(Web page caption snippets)

▬▬▬▬▬▬▬▬▬▬

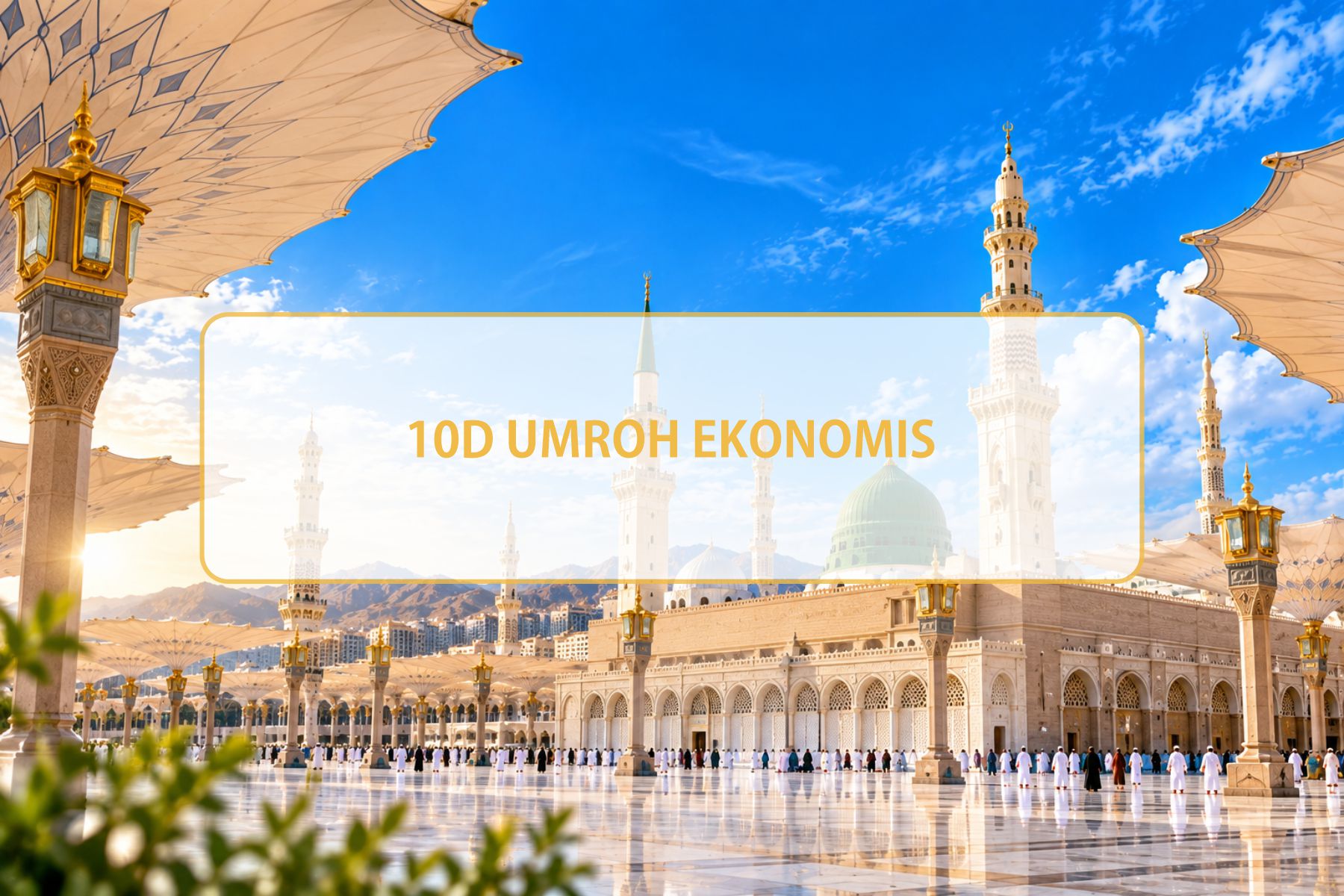 10D UMROH EKONOMIS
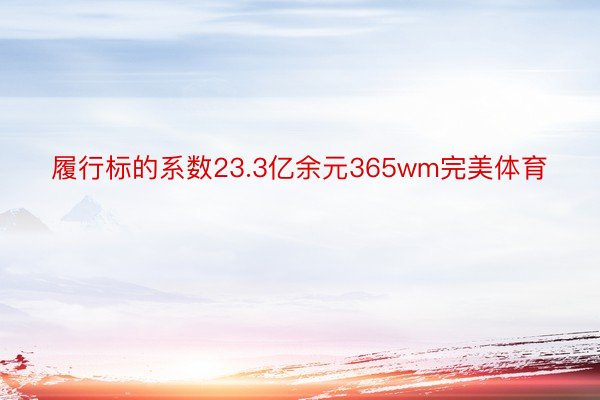 履行标的系数23.3亿余元365wm完美体育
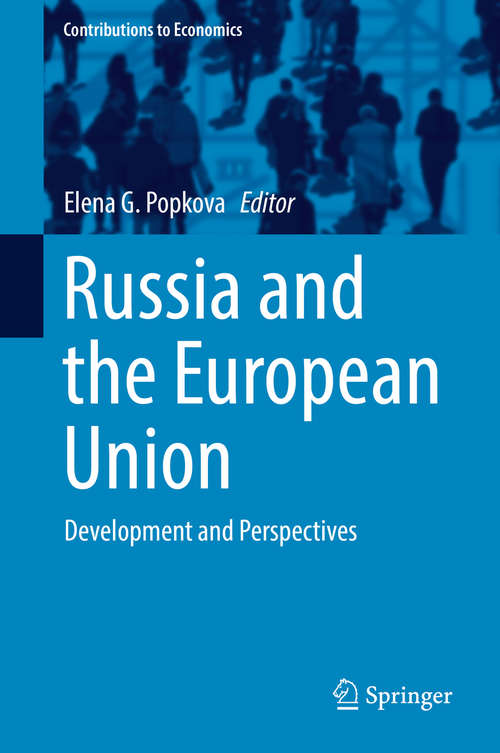 Book cover of Russia and the European Union: Development and Perspectives (Contributions to Economics)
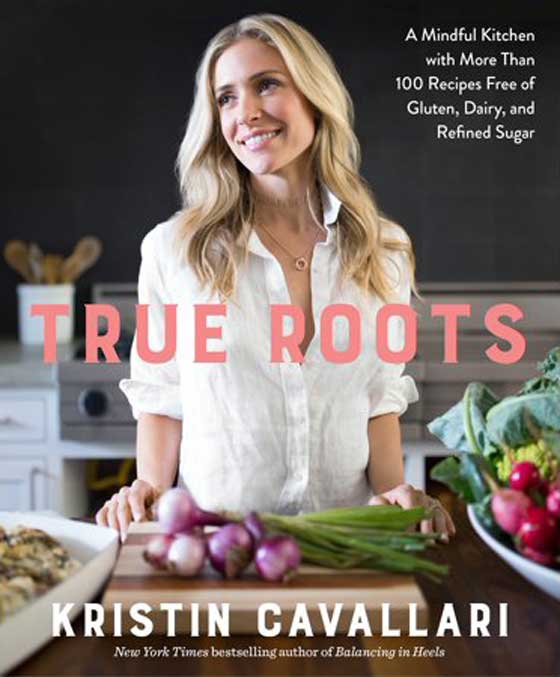 Cookbook Holiday Gift Guide! True Roots by Kirstin Cavallari featured on MarlaMeridith.com
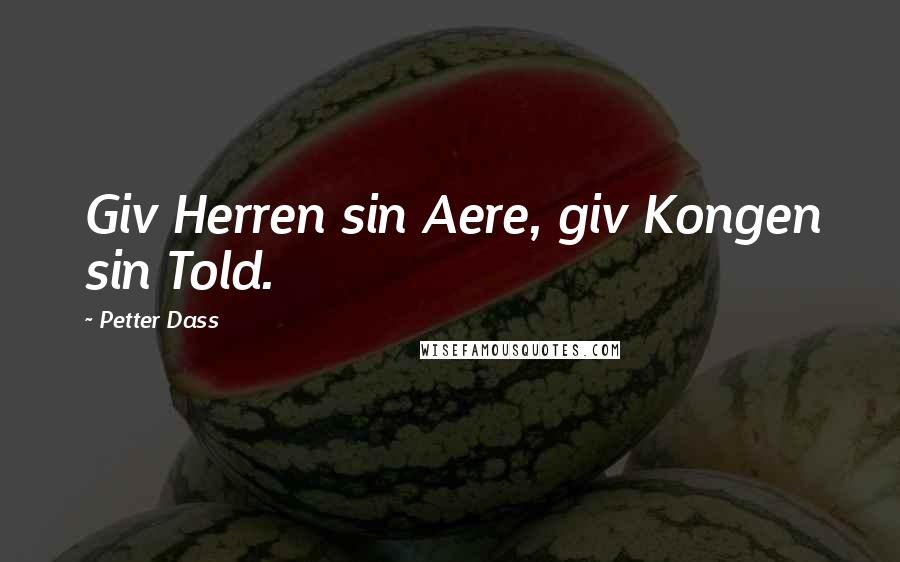 Petter Dass Quotes: Giv Herren sin Aere, giv Kongen sin Told.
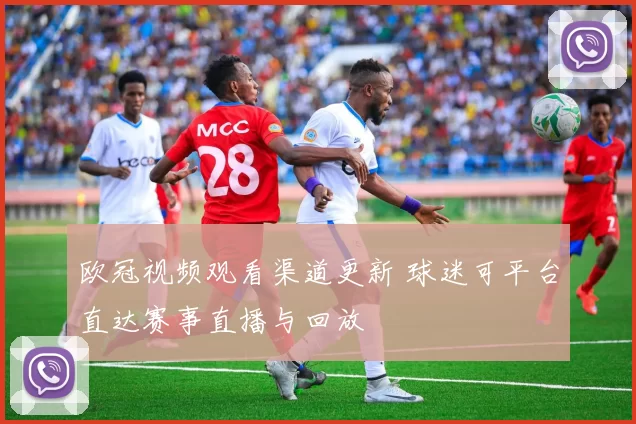欧冠视频观看渠道更新 球迷可平台直达赛事直播与回放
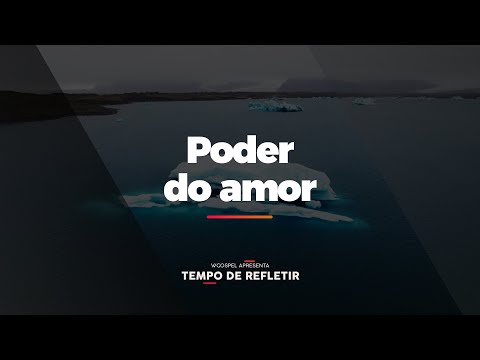 [Tempo de Refletir] Poder do amor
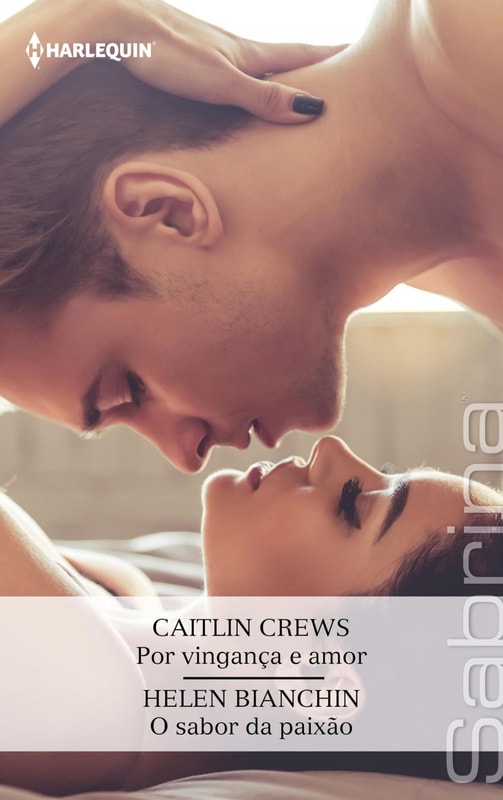 Por vingança e amor - O sabor da paixão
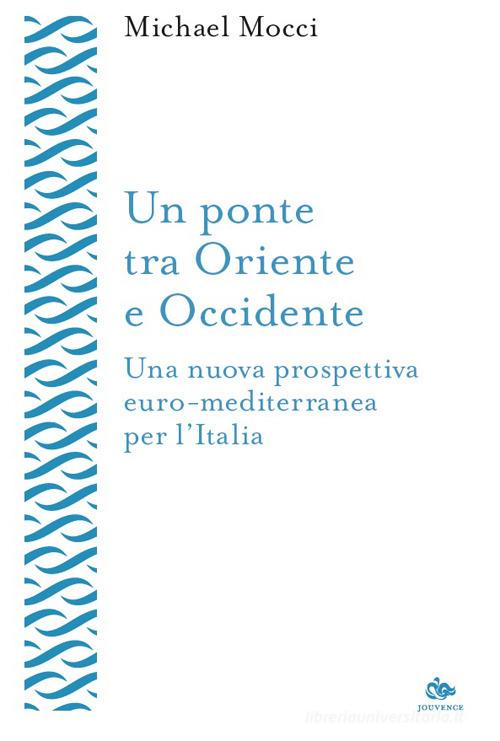 Un ponte tra Oriente e Occidente. Una nuova prospettiva euro-mediterranea per l'Italia di Michael Mocci edito da Editoriale Jouvence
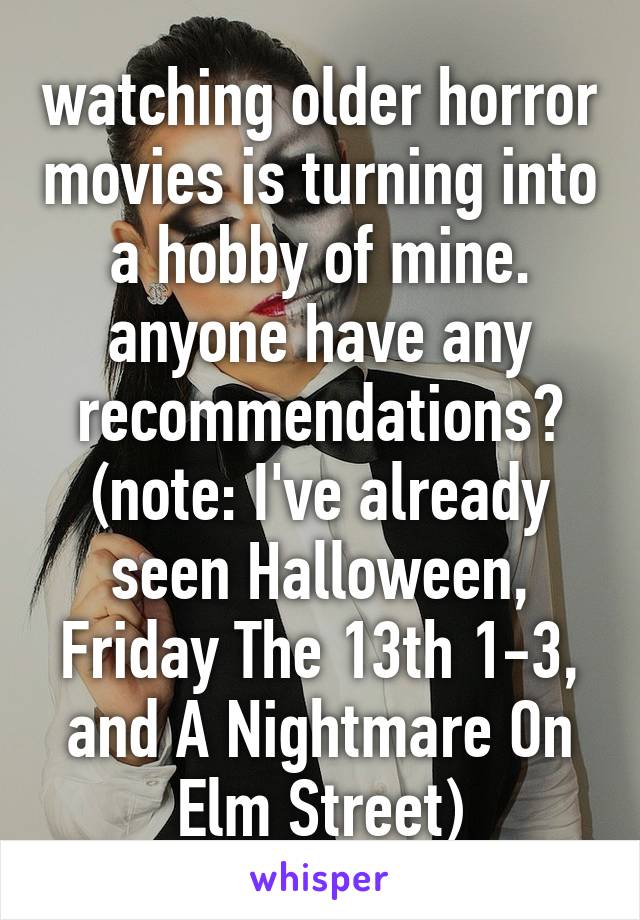 watching older horror movies is turning into a hobby of mine. anyone have any recommendations? (note: I've already seen Halloween, Friday The 13th 1-3, and A Nightmare On Elm Street)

▬▬▬▬▬▬▬▬▬▬

▶ WHAT THIS TASK INVOLVES:
An exact copy of every entry, pictures left out, is what to write here.

▶ THE COMPLETED TASK:
 10D UMROH EKONOMIS
 履行标的系数23.3亿余元365wm完美体育
 Book cover of Russia and the European Union: Development and Perspectives (Contributions to Economics)
 Cookbook Holiday Gift Guide! True Roots by Kirstin Cavallari featured on MarlaMeridith.com
 Petter Dass Quotes: Giv Herren sin Aere, giv Kongen sin Told.
欧冠视频观看渠道更新 球迷可平台直达赛事直播与回放
 [Tempo de Refletir] Poder do amor
 Por vingança e amor - O sabor da paixão
 Un ponte tra Oriente e Occidente. Una nuova prospettiva euro-mediterranea per l'Italia di Michael Mocci edito da Editoriale Jouvence
 watching older horror movies is turning into a hobby of mine. anyone have any recommendations? (note: I've already seen Halloween, Friday The 13th 1-3, and A Nightmare On Elm Street)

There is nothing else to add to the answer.